A physical assault on a former Bangladeshi newspaper editor linked to the main opposition party by supporters of the ruling party has sparked criticism from the church and media watchers. Mahmudur Rahman, 66, former acting editor of Dhaka-based Amar Desh
(My Nation) newspaper, was attacked on the premises of Kushtia district court in western Bangladesh on July 22. Rahman went to the court from capital Dhaka to secure bail in a defamation lawsuit filed against him in December last year. Dozens of activists of Chhatra League, the student front of the ruling Awami League
, armed with sticks and bricks attacked his car as he started his journey home, local media reported. The car's windows and doors were smashed while Rahman sustained injuries to the cheek, forehead and head. He survived by fleeing into a lawyer's chamber. "This was a premeditated attack.
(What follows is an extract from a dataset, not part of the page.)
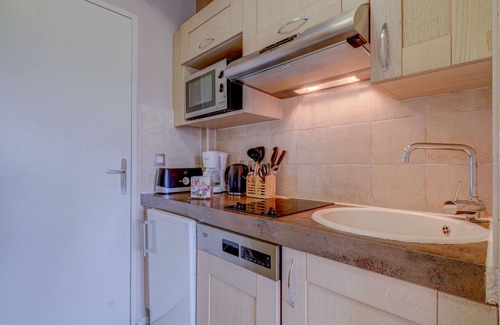 Callian Apartment | Cosy studio | 2 piscines + vues imprenables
Those who perpetrated this violence must confess the crime in court one day," Bengali daily Prothom Alo
quoted Rahman as saying. Theophil Nokrek, secretary of the Catholic bishops' Justice and Peace Commission, condemned the attack. "Every person in this country has the right to resort to legal recourse when needed. If a person remains vulnerable to violence even in a court, this is unacceptable and shows how poor our law and order system is," Nokrek told ucanews.com. "We have seen police standing silently when the attack was carried out, which means police were biased. This outrageous act is a disgrace for our so-called democracy." A senior member of Dhaka University Journalists' Association said the attack sent the wrong message to people. "Mahmudur Rahman might be a controversial person but no sane person would support this brutality. The ruling party should realize that if it fails to control unruly supporters, it must pay the price dearly in near future," the member told ucanews.com on condition of anonymity. Rahman's Amar Desh
newspaper was a supporter of the Bangladesh Nationalist Party
(BNP), the country's second-largest political party. He is also an organizer of a BNP-leaning professional group. The government shut down the paper in 2013 after allegations of fabricated reporting and supporting Islamic radical groups. However, an online version of the paper is still operated from Australia. Rahman is a well-known critic of the Awami League. He plunged into controversy over his criticism of the country's war crimes tribunal
prosecuting opposition politicians for their crimes against humanity during the 1971 war of independence from Pakistan. He faces about 80 court cases involving charges of defamation, sedition and inciting religious tensions and violence. He served three years in prison following arbitrary detentions and was released in November 2016.